--- DATA UNDER STUDY ---
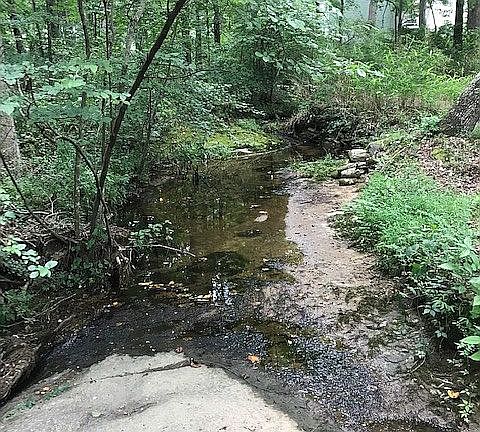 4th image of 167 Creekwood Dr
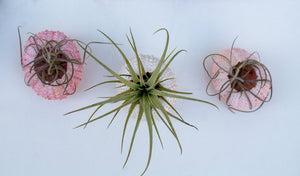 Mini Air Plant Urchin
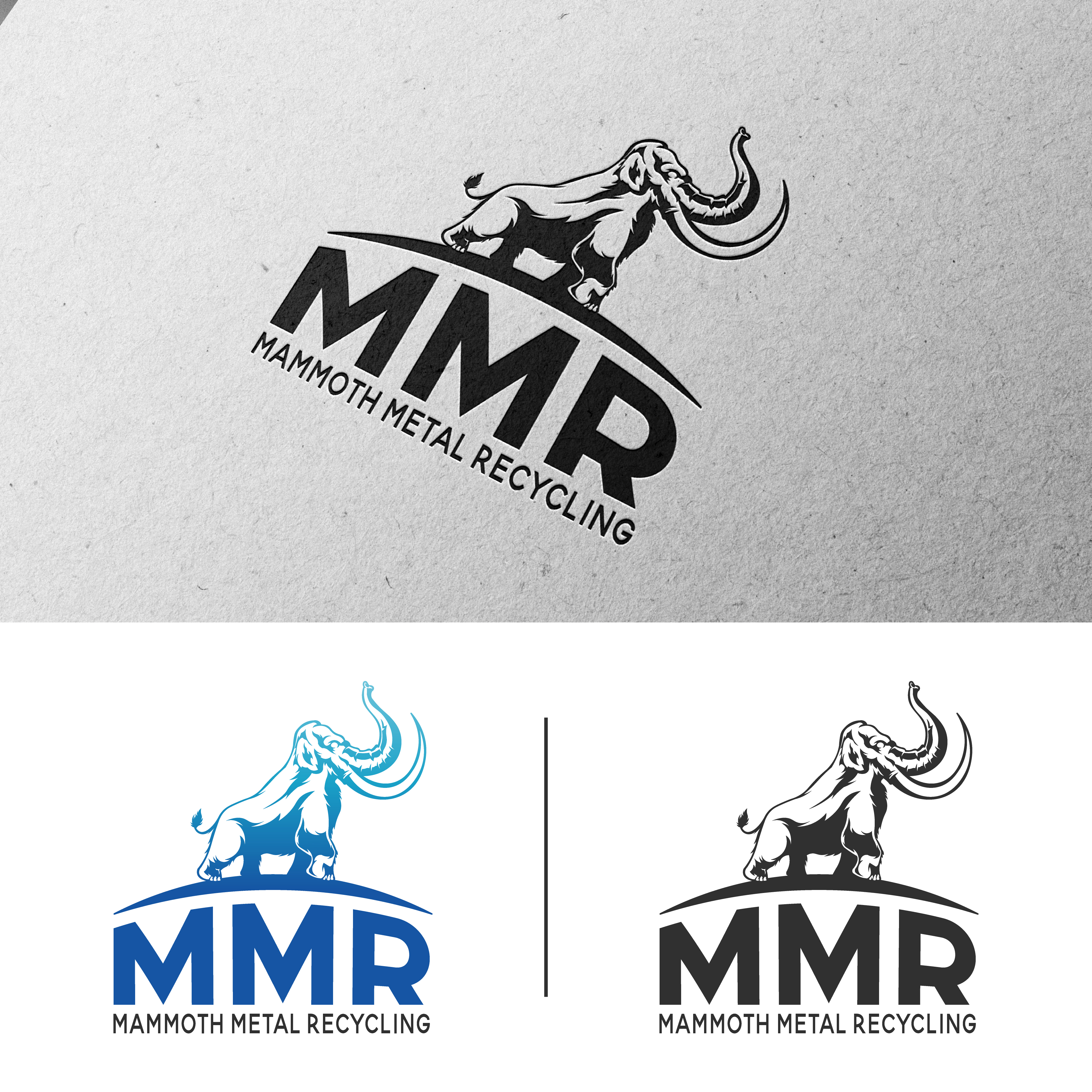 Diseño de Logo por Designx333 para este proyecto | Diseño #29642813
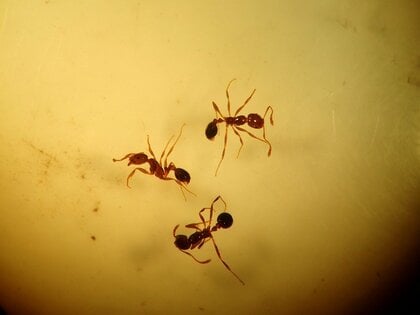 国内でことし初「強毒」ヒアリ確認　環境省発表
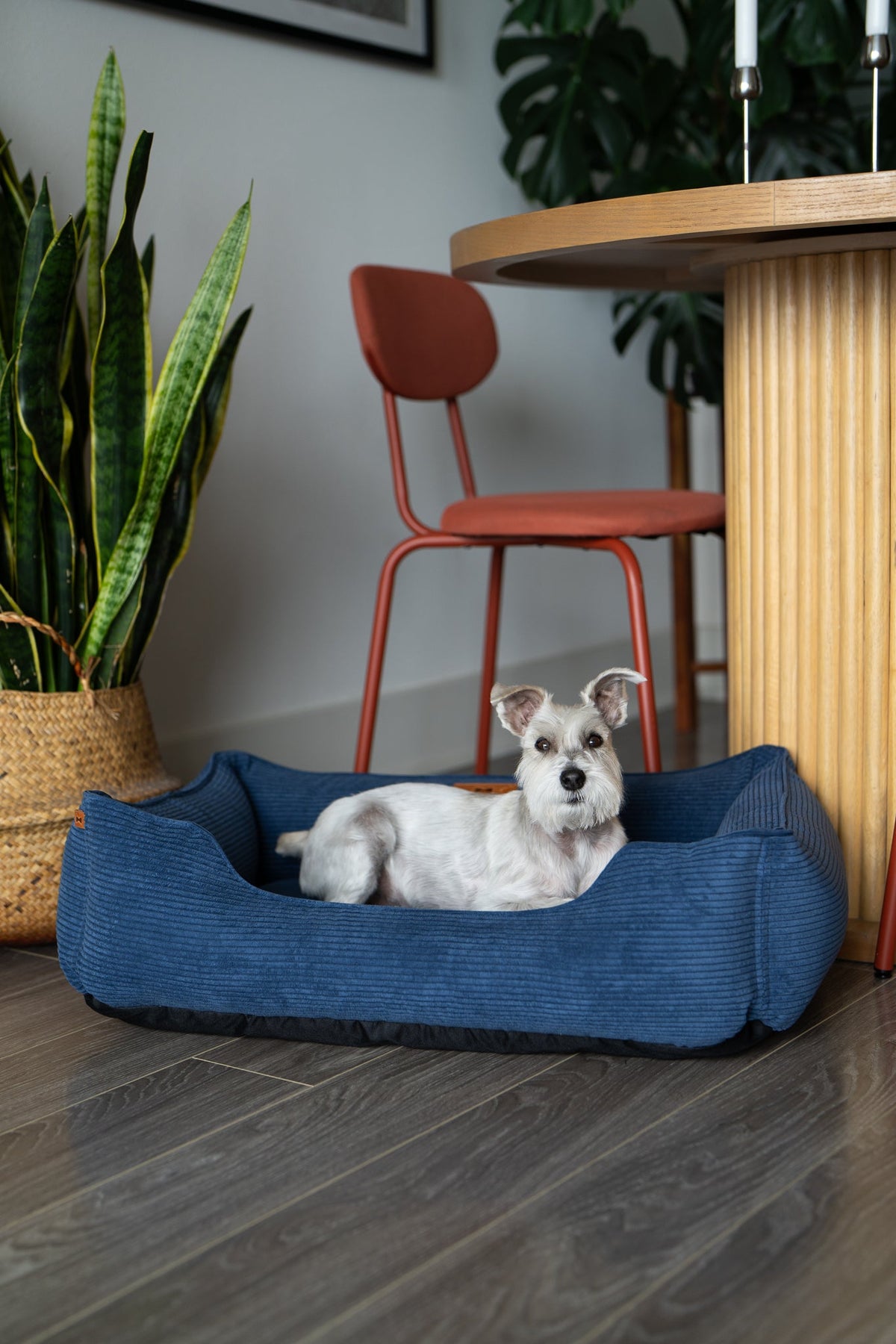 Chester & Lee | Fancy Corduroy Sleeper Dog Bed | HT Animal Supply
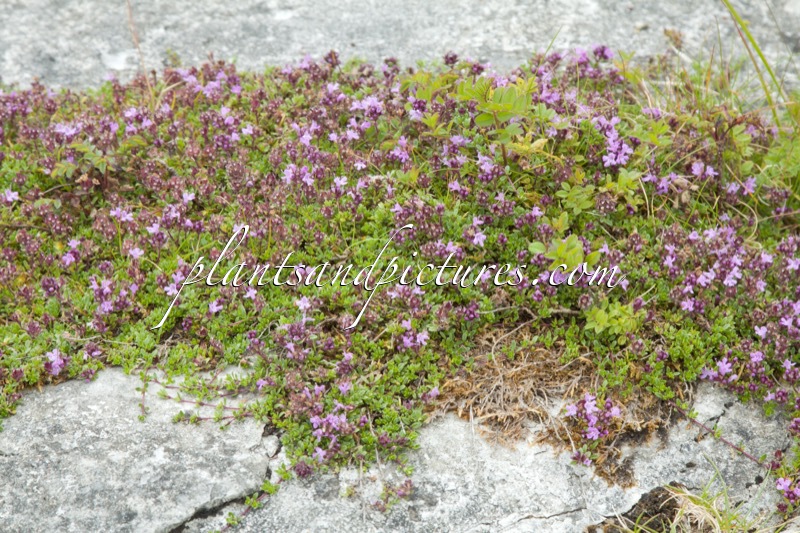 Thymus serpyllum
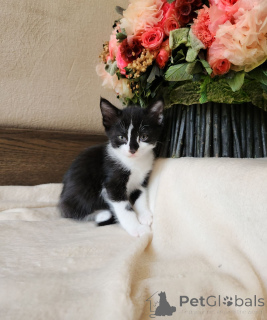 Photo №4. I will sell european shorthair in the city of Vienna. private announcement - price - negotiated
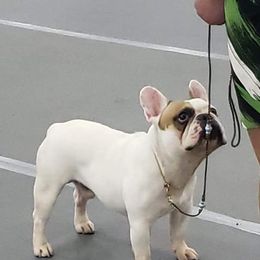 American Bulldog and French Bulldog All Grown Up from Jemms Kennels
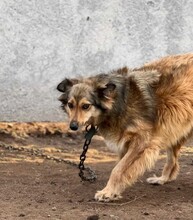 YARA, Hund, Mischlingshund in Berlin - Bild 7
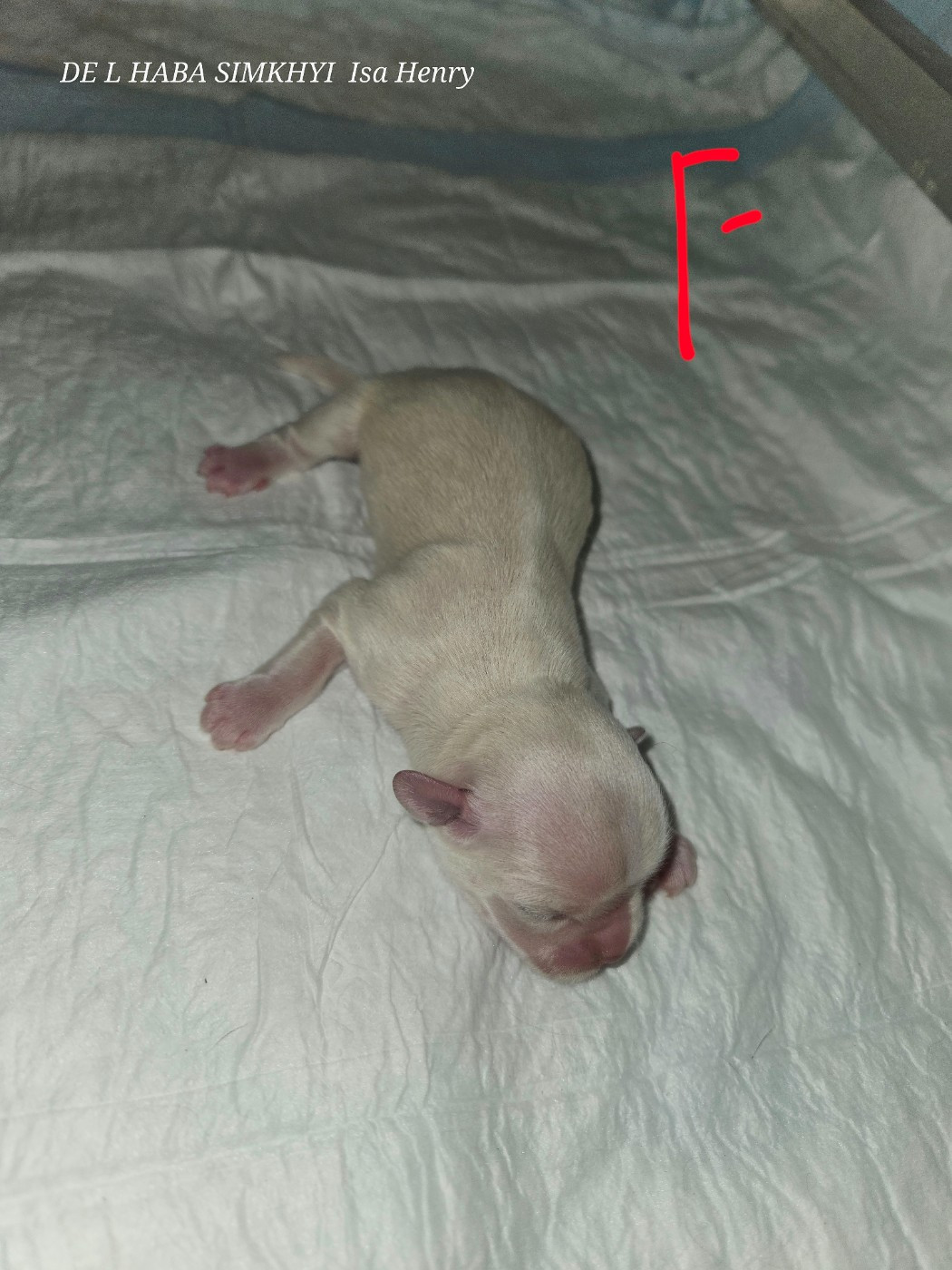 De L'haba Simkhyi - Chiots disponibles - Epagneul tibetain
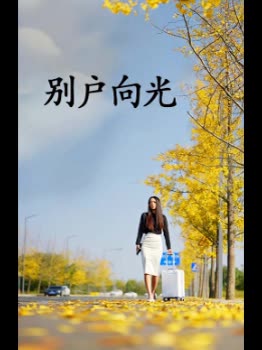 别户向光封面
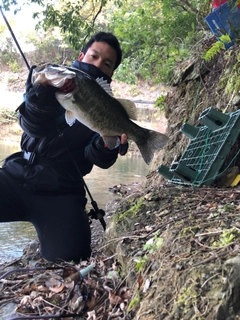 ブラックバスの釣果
---
▸ **WHAT IS BEING ASKED**:
Every record above must be printed exactly, except for its images.

▸ **EXERCISE SOLUTION**:
 4th image of 167 Creekwood Dr
 Mini Air Plant Urchin
 Diseño de Logo por Designx333 para este proyecto | Diseño #29642813
 国内でことし初「強毒」ヒアリ確認　環境省発表
 Chester & Lee | Fancy Corduroy Sleeper Dog Bed | HT Animal Supply
 Thymus serpyllum
 Photo №4. I will sell european shorthair in the city of Vienna. private announcement - price - negotiated
 American Bulldog and French Bulldog All Grown Up from Jemms Kennels
 YARA, Hund, Mischlingshund in Berlin - Bild 7
 De L'haba Simkhyi - Chiots disponibles - Epagneul tibetain
 别户向光封面
 ブラックバスの釣果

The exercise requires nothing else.